Hunter grunted to let me know he had been listening. Jared was still distracted. Now he was looking angry, because some young tattooed guy with one of those ‘faux-hawk’ hairstyles was chatting up Laura, and her smile told you she didn’t mind his company. From past experience, I knew that whether or not this guy was in the middle of a workout or not, he would stay as long as possible. They all did. Jared slurped the last bit of shake from the bottom of his big cup.

“We should get going. My dad will be here any minute, I just texted him,” Jared informed Hunter.

“Hold on, I want to say a couple more things to both of you.” Jared indulged me. “I have known people that used bodybuilding to come back to health and vitality after something like cancer or a terrible car accident, people who used bodybuilding as something to focus on while beating a drug or alcohol addiction, and people who got their self-esteem and a positive outlook back through bodybuilding after abusive relationships, divorce, the death of a loved one, you name it. Some of these people looked really good by bodybuilding standards, but most of them didn’t. None of them won a big contest or got a fat sponsorship deal. But each and every person I have known that became a bodybuilder reaped untold rewards.”

Hunter knit his large brows, while Jared snickered. “He’s a writer, dude, sometimes he talks like that,” he explained to his friend.

“All I’m trying to say to you guys is that everyone that becomes a bodybuilder and dedicates him or herself to it will definitely get a better body. But that’s really just part of what you can get from it. And whether you two ever earn some spectacular title and get on magazine covers or not, you’ll never regret the time and energy you put into bodybuilding.
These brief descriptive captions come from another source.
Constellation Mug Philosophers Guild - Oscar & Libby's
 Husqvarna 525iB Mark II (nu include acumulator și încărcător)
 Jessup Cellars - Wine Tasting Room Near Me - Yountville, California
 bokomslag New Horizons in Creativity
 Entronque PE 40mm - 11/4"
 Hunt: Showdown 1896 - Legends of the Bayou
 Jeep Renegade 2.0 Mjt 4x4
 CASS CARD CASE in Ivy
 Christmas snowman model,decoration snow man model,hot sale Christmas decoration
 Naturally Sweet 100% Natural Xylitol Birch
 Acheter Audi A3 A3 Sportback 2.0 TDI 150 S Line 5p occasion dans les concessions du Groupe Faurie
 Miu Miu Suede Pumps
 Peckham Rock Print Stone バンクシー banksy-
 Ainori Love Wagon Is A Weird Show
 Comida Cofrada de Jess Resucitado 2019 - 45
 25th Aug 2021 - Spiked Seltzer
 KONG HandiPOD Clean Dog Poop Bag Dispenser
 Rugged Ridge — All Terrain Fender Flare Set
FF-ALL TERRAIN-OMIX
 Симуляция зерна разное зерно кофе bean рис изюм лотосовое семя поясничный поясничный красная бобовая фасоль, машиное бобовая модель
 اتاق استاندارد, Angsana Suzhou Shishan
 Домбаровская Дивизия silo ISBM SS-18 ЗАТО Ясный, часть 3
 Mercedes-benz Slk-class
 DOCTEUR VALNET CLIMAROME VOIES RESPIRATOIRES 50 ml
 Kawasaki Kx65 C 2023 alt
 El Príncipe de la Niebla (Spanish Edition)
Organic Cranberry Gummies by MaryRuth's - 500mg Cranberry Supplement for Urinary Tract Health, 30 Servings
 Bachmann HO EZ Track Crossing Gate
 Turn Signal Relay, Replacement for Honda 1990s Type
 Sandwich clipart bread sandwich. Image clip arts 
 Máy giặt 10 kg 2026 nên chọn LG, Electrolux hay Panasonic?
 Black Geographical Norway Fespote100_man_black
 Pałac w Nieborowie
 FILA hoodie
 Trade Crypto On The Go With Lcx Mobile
It all pays off, with tons of interest.”

The boys left soon after that, and on the short ride home I thought about all the bodybuilders I had met over the years who were never going to make a living as a physique competitor, but had done it purely for the love of the game. In their own way, each and every one of them was a success story. And the truly wonderful thing is, there are a million more stories I’ve never heard about, and a million more waiting to be written.